Madge Blake, best known for playing Bruce Wayne's aunt Harriet Cooper on the TV series Batman (1966–1968), has an uncredited part as a customer in the perfume shop in which Lise works. Judy Landon, better known for her appearance in Kelly's next musical Singin' in the Rain (and as the wife of Brian Keith), and Sue Casey appear as dancers in the "Stairway to Paradise" sequence.
Music and dance
- "Embraceable You" – Lise
- "Nice Work If You Can Get It" – Hank
- "By Strauss" – Jerry, Hank, Adam
- "I Got Rhythm" – Jerry
- "Tra-la-la (This Time It's Really Love)" – Jerry, Adam
- "Love Is Here to Stay" – Jerry, Lise
- "I'll Build a Stairway to Paradise" – Hank
- Concerto in F for Piano and Orchestra – Adam, The MGM Symphony Orchestra
- " 'S Wonderful" – Jerry, Hank
- An American in Paris Ballet – Jerry, Lise, Ensemble
The 17 minute ballet sequence, with sets and costumes referencing French painters including Raoul Dufy, Pierre-Auguste Renoir, Maurice Utrillo, Henri Rousseau, and Toulouse-Lautrec, is the climax of the film, and cost the studio approximately $450,000 to produce. Some of the backdrops for this sequence measured 300 feet wide and 40 feet high. Production on the film was halted on September 15, 1950. Minnelli left to direct another film, Father's Little Dividend.
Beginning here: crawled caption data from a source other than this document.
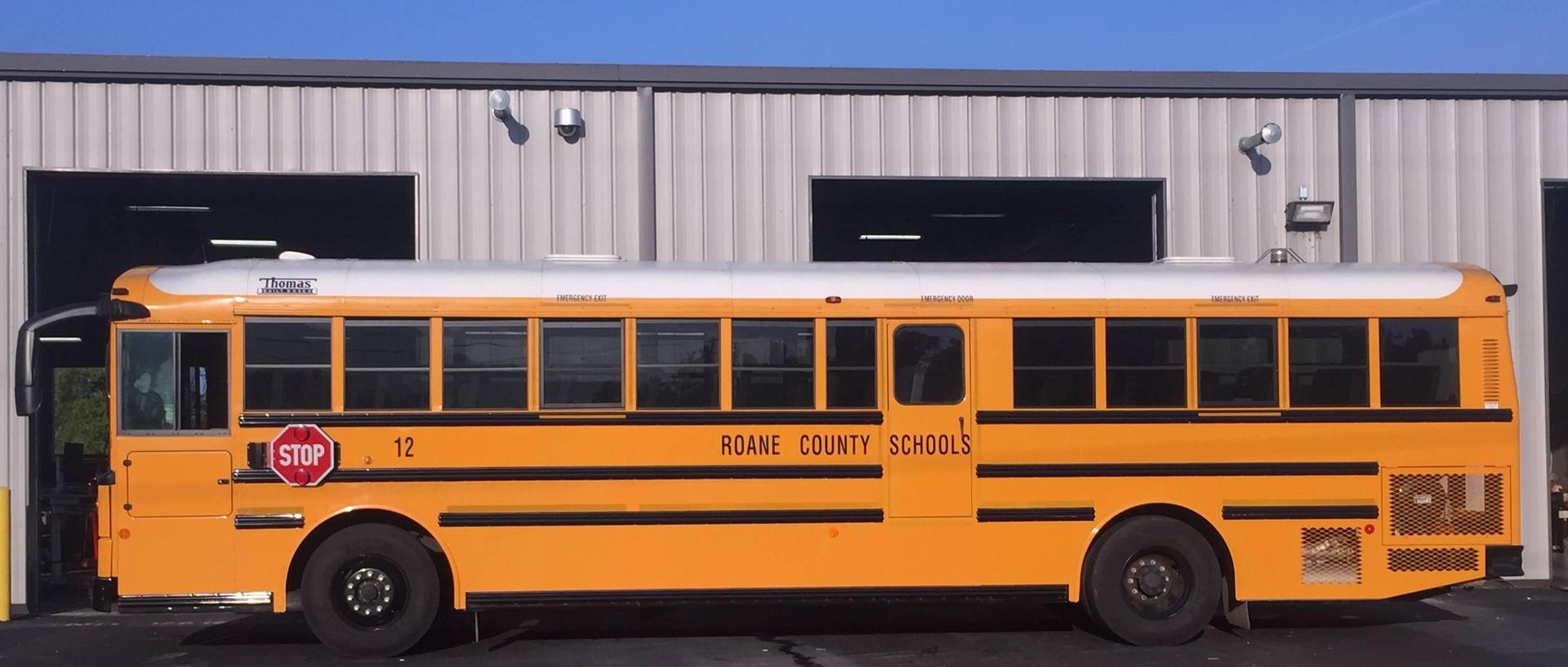 roane county schools bus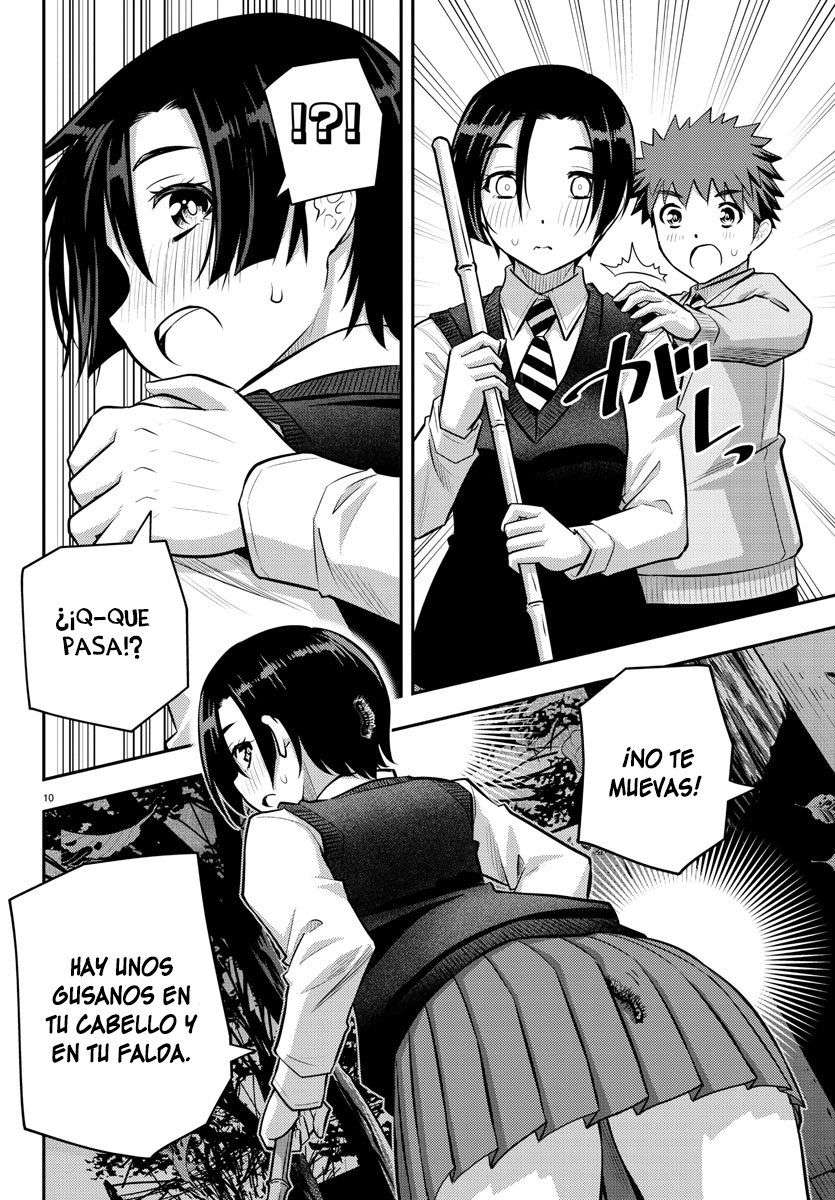 Yankee JK Kuzuhana-chan Capitulo 56 página 12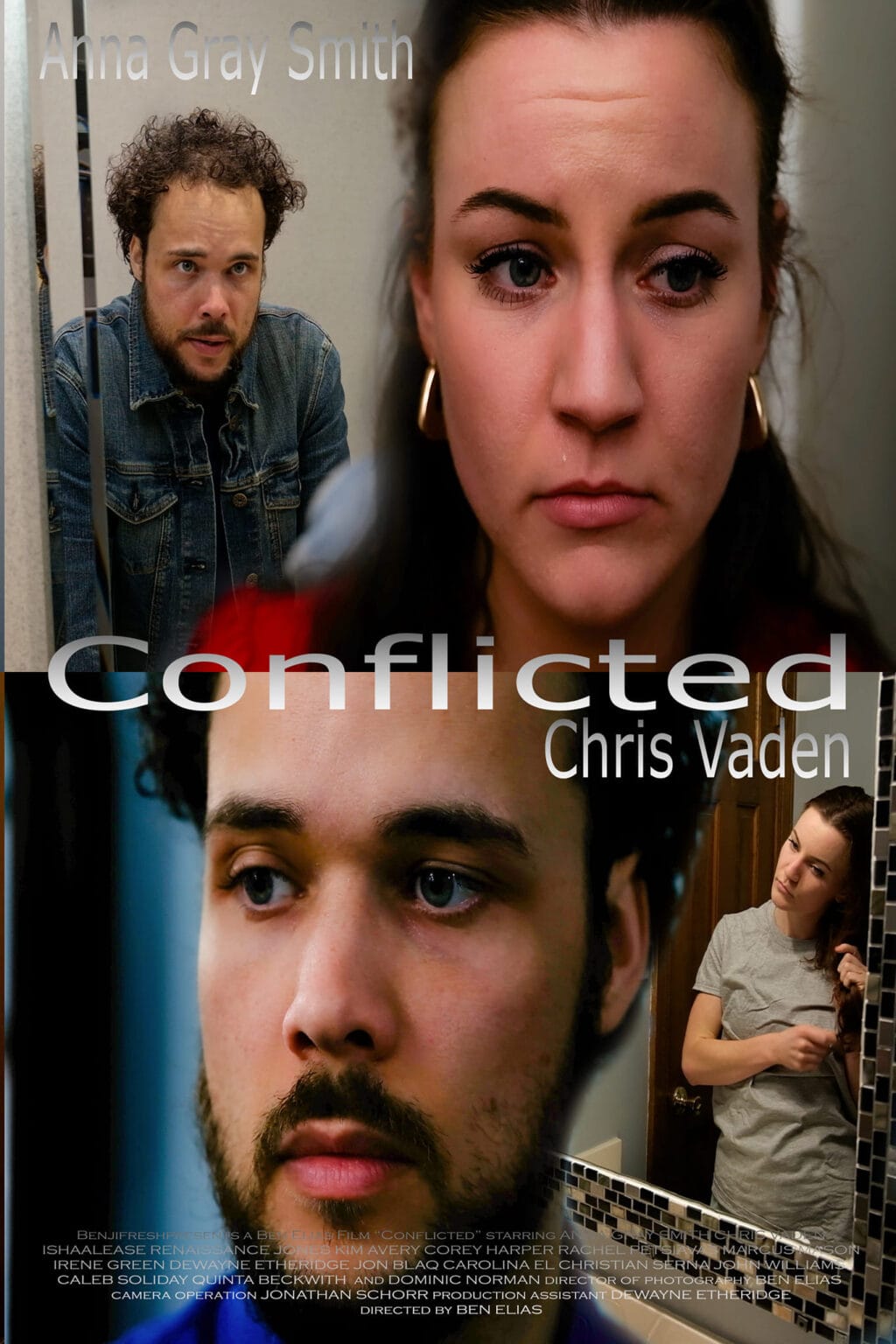 Conflicted Promo Poster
Upon completion of that film in late October, he returned to film the ballet sequence.
Bosley Crowther of The New York Times gave a mostly positive review largely on the strength of the closing dance number which he called "one of the finest ever put upon the screen", as well as Leslie Caron's performance, writing that the film "takes on its own glow of magic when Miss Caron is on the screen. When she isn't, it bumps along slowly as a patched-up, conventional music show." Variety called the film "one of the most imaginative musical confections turned out by Hollywood in years ... Kelly is the picture's top star and rates every inch of his billing. His diversified dancing is great as ever and his thesping is standout." Harrison's Reports deemed it "an excellent entertainment, a delight to the eye and ear, presented in a way that will give all types of audiences extreme pleasure". Richard L. Coe of The Washington Post called it "the best musical movie I've ever seen", praising its "spirit of crisp originality and sophistication rarely found in a screen musical". John McCarten of The New Yorker called it "a thoroughly pleasant musical film ... Never too tightly confined by its slender story, 'An American in Paris' skips from love in the moonlight to handsome ballets with the greatest of ease, and Mr. Kelly is always ready, willing, and able to execute a tap dance." The Monthly Film Bulletin called it "merely a good musical, far more attractive than most, but considerably less than the material seemed to promise. This is due in part to unimaginative use of the Paris settings—a very obvious tourist's view—and to the rather curious way in which the story, after building up interest in Jerry's painting and in his one-man show, simply shelves the whole issue."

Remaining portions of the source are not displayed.